Jeff Lagasse, Associate Editor

It's a fair guess that many hospitals and health systems will be making cost savings a New Year's resolution in 2019, and by standardizing physician preference items, they could realize some of those savings in their supply chains.

It's an approach that has certainly worked for Kentucky- and Indiana-based Baptist Health, which centralized its supply chain operations in 2013 and as since gone on to standardize PPIs in such a way as to save a little more than $12 million just on supply chain products in 2017.


It can be challenging to find savings in the supply chain, which is why the standardization of PPIs was a top goal for Baptist. But that of course begs the question: What does standardizing PPIs even mean?

Let's start by quickly defining physician preference items. Quite simply, they're the practical items and tools that clinicians use in their work, and have specifically earmarked as being their "favorite" or "preferred" items -- which could range from scalpels to complex machinery to surgical gloves.

Standardizing PPIs means different things in different contexts. Cindy Gueltzow, executive director of system services supply chain at Baptist, said different aspects of the PPI picture can be standardized, even when it comes to maintaining a hospital's current portfolio of contracts.

Approaching vendors with price parity is a potential avenue, as is working with physicians to develop protocols about certain products. Or you can do it in the most fundamental way and standardize then vendors with whom you do business.

"We start with the data and move forward with our subject matter experts," said Gueltzow. "Sometimes there's administrative leadership determining what is the best thing for our organization, and we identify what the best possible opportunities look like."


Baptist wanted, and needed, a vendor partner who was the right fit. While there are a few PPI and supply chain vendors out there -- Premier and Kermit, to name but two -- Baptist was most impressed with Medline due to their robust reporting capabilities and their control over the manufacturing process.

That's when the system brought its nurses and physicians into the process.

"We grew from there, and played on the subject matter teams," said Gueltzow. "We continued to meet with them -- we called them our resource council -- and it's based on the type of work that they do.

"We brought the products to the subject matter experts and had them consider what the opportunity would look like with the Medline branded product. Sometimes we kept them, sometimes we asked to make changes to the product so it would be something we could use in the future."

That collaboration is the central piece of the puzzle, since it allows the system to make purchasing decisions based on both the price of the item and its potential to improve patient care. Striking the right balance allows clinical quality to flourish while resulting in cost savings.

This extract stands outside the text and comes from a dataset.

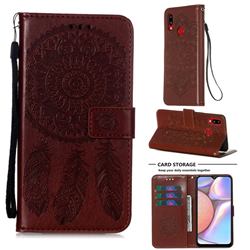 Embossing Dream Catcher Mandala Flower Leather Wallet Case for Samsung Galaxy A10s - Brown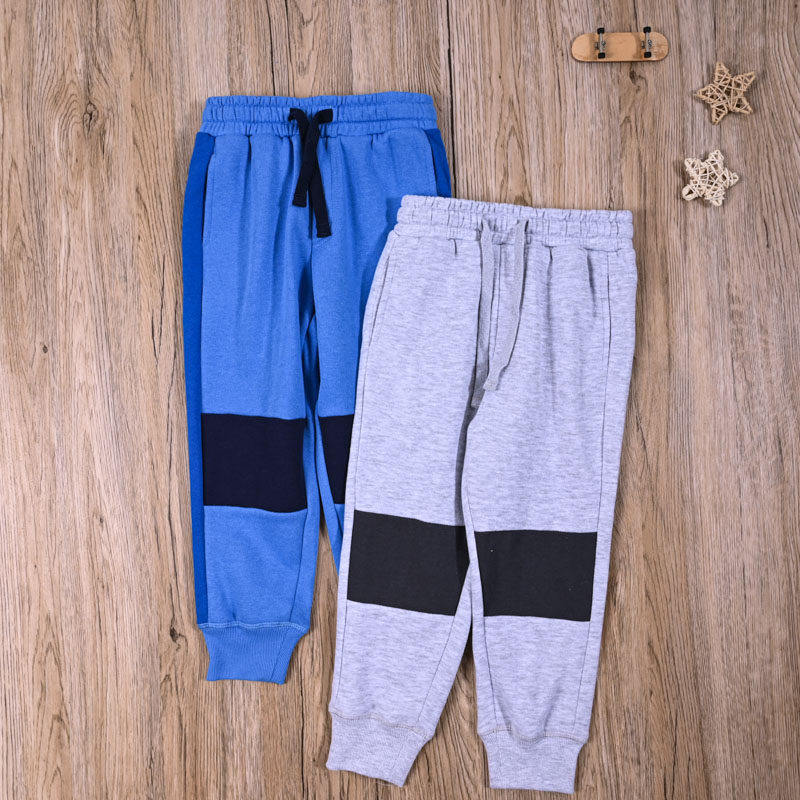 外贸欧美男宝春秋卫裤运动裤长裤子男童细抓绒休闲裤哈伦裤小脚裤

"Our number one priority is making sure our clinicians have the quality tools they need to do their jobs," said Gueltzow. "The decisions that are made are very impactful and they have staying power, so it's not a decision that's made lightly."


The $12 million-plus in supply chain savings in FY17 speaks for itself, but it doesn't happen automatically. It requires communication with the vendor, especially if changes need to be made to a product.

Sometimes that's just a matter of getting the quality folks on the phone and explaining to them what the issues with a certain product might be, and what needs to change. In some cases Medline will put their chief nursing officer on the phone to speak with Baptist's nurses, facilitating contact with subject matter experts who can weigh in with authority on the matter.

Diligence and adaptability are required to consistently manage PPIs on a fiscally prudent way, largely because technology evolves so quickly.

"There's something new coming out every single day," said Gueltzow. "And much of it is what we want to be using for our patients, because we want the best, but if you don't work with your physicians to understand that new technology, you may contract for everything, thereby raising your costs."

PPI absolutely has to have physician input, said Gueltzow. Physicians are placed on Baptist's service lines, and they review all of the contracts associated with their particular lines.

And what's nice about the resultant cost savings is that Baptist doesn't always have to opt for the least expensive item. If a slightly more expensive product would make more sense, the money is there for it.

Collaboration is the one part of the process that will never change, said Gueltzow.

"It's supply chain, so there's never a steady course," she said. "If you're doing things the same way you were doing them yesterday, you're probably doing it wrong. We have to find new and different ways to partner with our clinicians and dovetail these new technologies."